Notable open-source projects for AI in coding include:
- Client: Focuses on the chat agentic workflow [00:15:57].
- Continue: Provides auto-completion integration [00:16:02]. Combined, these projects offer an experience comparable to commercial models with IDE platforms like Cursor [00:16:09].
AI for Agents and Workflow Automation
This category, representing 10-20% of traffic, focuses on workflow automation within enterprises [00:18:44]. The priority for enterprises is to maximize ROI by getting agents into production while minimizing negative impact [00:19:10].
Workflow Automation with Human Oversight
A common strategy is to build automation systems with “human escape hatches” from day one [00:19:37]. For example, AI agents can draft responses for inbound emails, check inventories, and apply rules, with a human platform for editing and finalizing the response before sending [00:20:04]. At launch, such systems can successfully draft 80-90% of responses, with humans handling the remainder [00:20:42]. Over time, as confidence builds, specific reliable use cases can be fully automated [00:21:07].
For companies in production who is trying to incrementally improve with each step to 99% plus reliability, it’s nearly impossible to do so if you change the model every week [00:25:41].
Challenges of Fully Automated Agents
Attempting 100% full automation without human oversight often leads to negative consequences, such as angry customers due to bad automated responses, potentially killing the entire AI project [00:21:28]. The mythical “fully truly 100% reliable agentic agents” does not currently exist in production environments [00:22:41].
The recommended approach for building AI for production is to aim for solving 80% of problems with escape hatches [00:23:05]. This pragmatic approach, similar to reliability engineering, involves building a streamlined, reliable system for 80-90% of scenarios, then iterating for the remaining failure scenarios to achieve high reliability incrementally [00:24:11]. This strategy, though less “sexy,” ensures project survival, significant ROI, and continuous improvement [00:24:42].

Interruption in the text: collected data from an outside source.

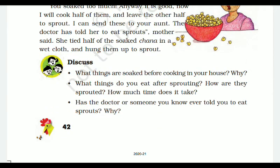Discuss what things are soaked before cooking in your house. As I have mentioned in most of my videos, whatever textual questions are given in your textbook will be provided in PDF format through the WhatsApp group. So whenever you see any kind of study material on the WhatsApp group, download it and write it in your class notebook. Some examples of foods that are soaked before cooking include chana, rice, and rajma.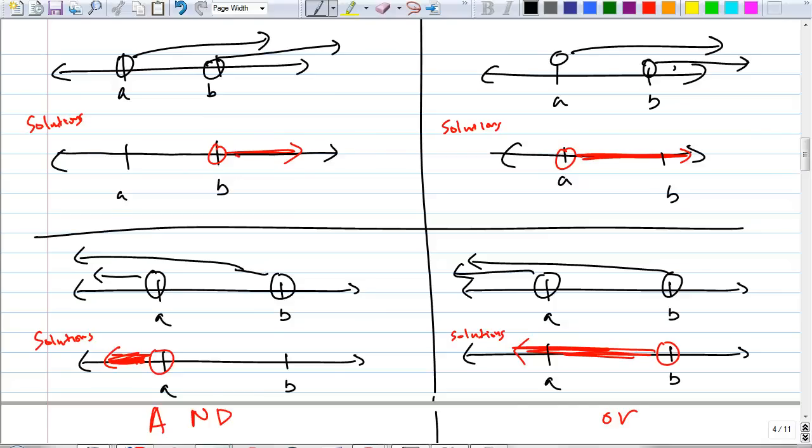You get this? And here, we want a solution for both of these together. Therefore, you have to start from B, right? You add them together. You get the idea, guys?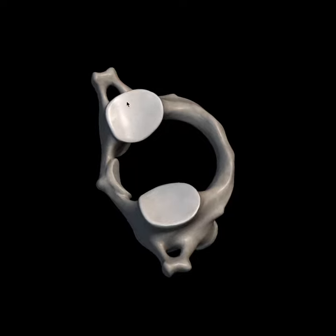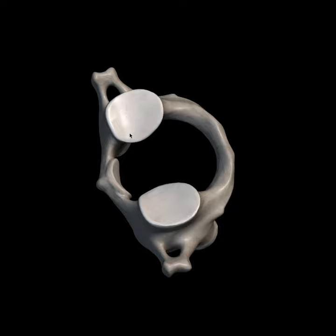The inferior surface of the lateral masses has inferior articular facets. These are nearly circular and flat; they are directed downwards, medially, and backwards. They articulate with the facets on the axis vertebra to form the atlanto-axial joint.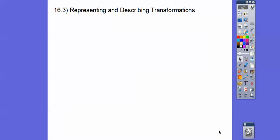Hey everybody, Mr. Math Blog here. This lesson is representing and describing transformations.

Quirky: A New Open Model for Reliability
Quirky is introduced as a 72-billion parameter linear transformer and attention transformer hybrid that runs at less than half the GPU compute cost of other transformer models [00:26:22]. Built for approximately 10 million), Quirky represents a move towards more efficient and reliable AI model architectures [00:26:52].
The focus for future AI models should be on persisting memories, customization, and improving reliability to create truly useful AI agents, rather than solely chasing benchmark scores like MML (which are losing meaning as models become highly capable) [00:27:01].